At KCAD, we attempt to answer this question through the ongoing EPIC Project. We have collaborated with experts in universal design, neurodiversity, education, entertainment media, and minorities in media to explore, develop and test digital and physical products that will move audiences and users of educational and informational media to action. That action can include things like maximizing information retention, increasing empathy towards disenfranchised populations, taking steps to seek to improve one's mental health and improving attentiveness through joyful learning. We share the knowledge we gain and tools we create in places like the KCAD Digital Learning Center and the Adobe Education Exchange. We make our media available for free at places like the iTunes Store, Google Play store, Chrome Web Store, YouTube and our website: EPICSITE.org
EPIC projects are research and innovation driven.
- We will create collaborative teams of experts and end-users and engage in "understanding" interviews and exercises at the beginning of the project.
- We will periodically obtain reviews from the team throughout the design process.

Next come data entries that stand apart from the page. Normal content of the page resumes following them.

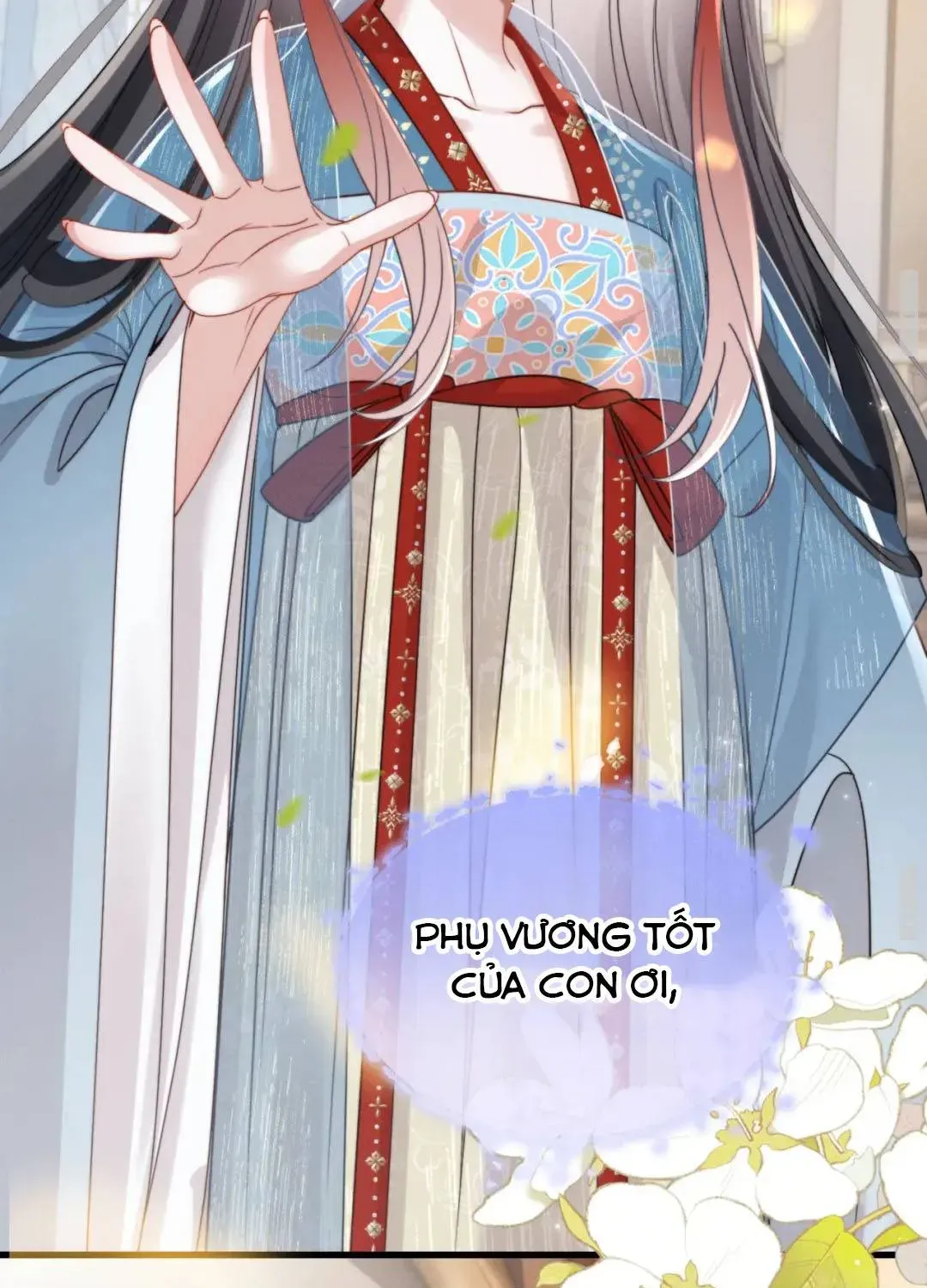 Tái Sinh Chọn Ba Ba Công Tử Bột Làm Hoàng Đế [Chap 24] — trang 66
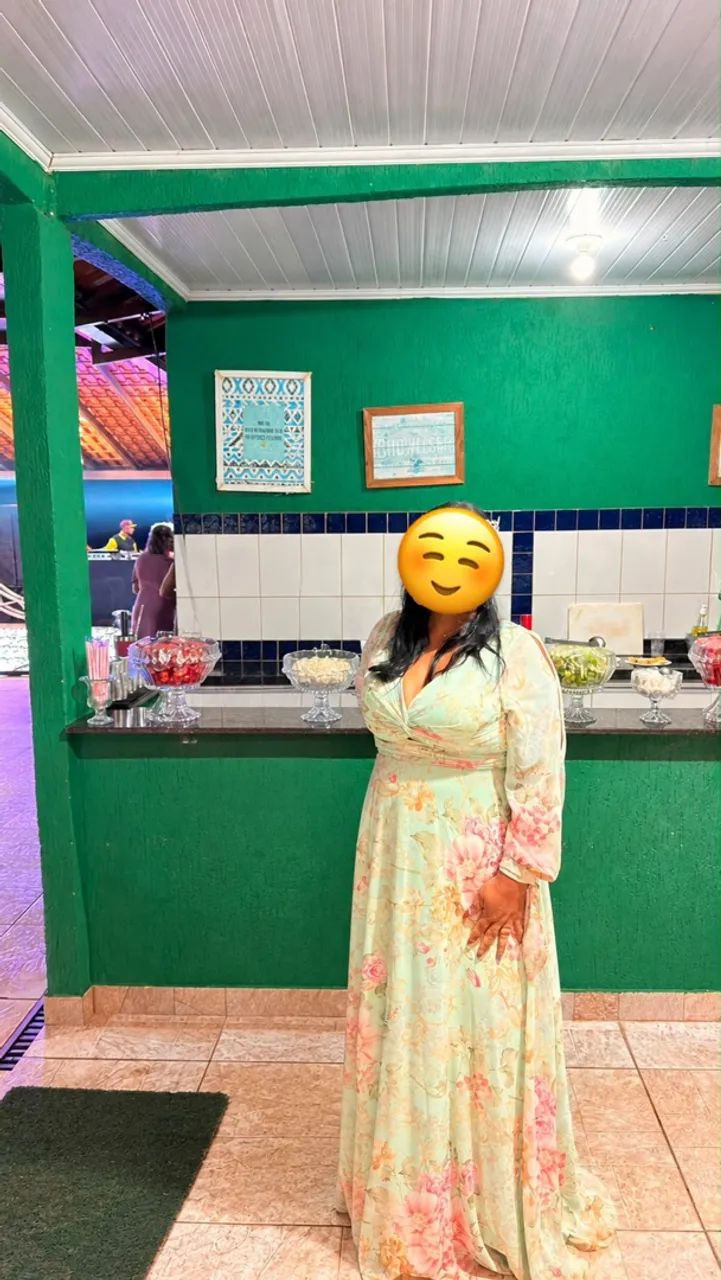 Vestido de festa  - Foto 2
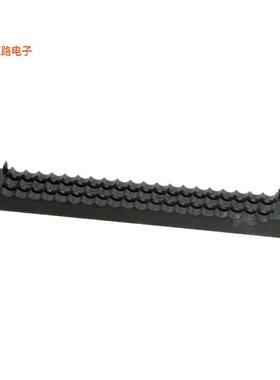 104891-4 -[全新CONN TERMINATE COVER 40POS .050]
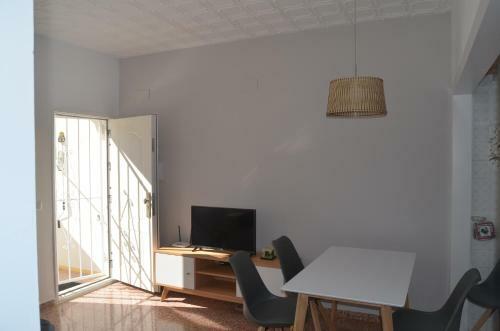 Apartamento La Sirenita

- We will user test and record feedback from the end user
- We will create reports that share the knowledge gained.
The KCAD Digital Art & Design program is committed to creating media that is accessible to persons with disabilities and applying Universal Design best practices. All public-facing projects will adhere to these EPIC Accessible Design guidelines.
Our targeted audiences and users will range in age, gender, race, ethnicity, and neurodiversity. We will obtain ongoing advice and feedback from representative members of these groups during the design process. It is important for us to avoid negative stereotypes and implicit bias (test yourself). Examples of implicit bias can include unconscious stereotyping based on gender, race, fashion choices, body types, etc. The key difference between implicit bias and racism, sexism, etc. is that it is not a conscious choice. Rather it is subtly and constantly shaped by one's upbringing and socio-cultural environment.
Socio-emotional Driven Content Strategy
Content that speaks to three of the primary driver of the human experience. These may be addressed at different points within the media and may shift in emphasis and intensity as the audience/user experience progresses.
- Our Tribal Nature: This is handled by the Limbic System in our brain, which has no capacity for language and is strictly focused on how we feel. The sense of belonging to a group is among the strongest drivers of human action and addresses the "why" we might believe or do many things. In your media, ask, then answer, the question: do we share a common belief about the way the world is or the way it should be.
- Our Primal Reactions (also the Limbic System in our brain). Sometimes this is referred to as our "lizard" or "fight or flight" brains. It is the emotional aspect. Consider the 6 basic primal emotions we all share: joy, fear, disgust, surprise, sadness, anger. Here is a more extensive and nuanced list.
- Our Valuation Process (this occurs in our neocortex, which evolved as we became homosapien) This is the appeal to logic. It's where rational and analytical thought occurs and language is processed. Facts, figures and diagrams are created and processed here. The value we assign them, however, is profoundly influenced by our primal and tribal natures.
Entertainment-Based Delivery Strategy
There are no greater masters of engagement than the entertainment industry. Applying these common strategies will ensure attentiveness and retention.
- Use production methods and genres, such as animation, live-action video and games, that can compete with entertainment media in popular culture.
- Include a brief, early introduction to the material that sets the overall emotional tone.
- Create content narratives written from or to the point of view of the target audience.
- A specific and emotional call to action that explains exactly what we want the audience/user to do now that they have this new knowledge.
- Games should integrate the informational/educational content into the gameplay and avoid simply using the gameplay as a reward system.
- Linear time-based works such as animation, books and video, should consider a four part story that includes:
- Life in Balance: the world in it's normal state
- Set up: the problem is presented, usually in the form of conflict. The conflict can be with the environment, external natural forces, the self or other persons.
- Body: the problem for the protagonist is exacerbated by internal or external forces (can have one, several or many parts).
- Resolution: the problem solved, balance restored ... or not.
- Optionally, the resolution can require one of the main protagonists or antagonists to make a moral decision in order to move the plot to it's end point. Many of the most successful stories in history contain this "moment of grace" component.
Do not use licensed characters or environments
Do not use images or audio from the internet unless you purchase them or receive expressed written consent or they are provided free for use through a creative commons license.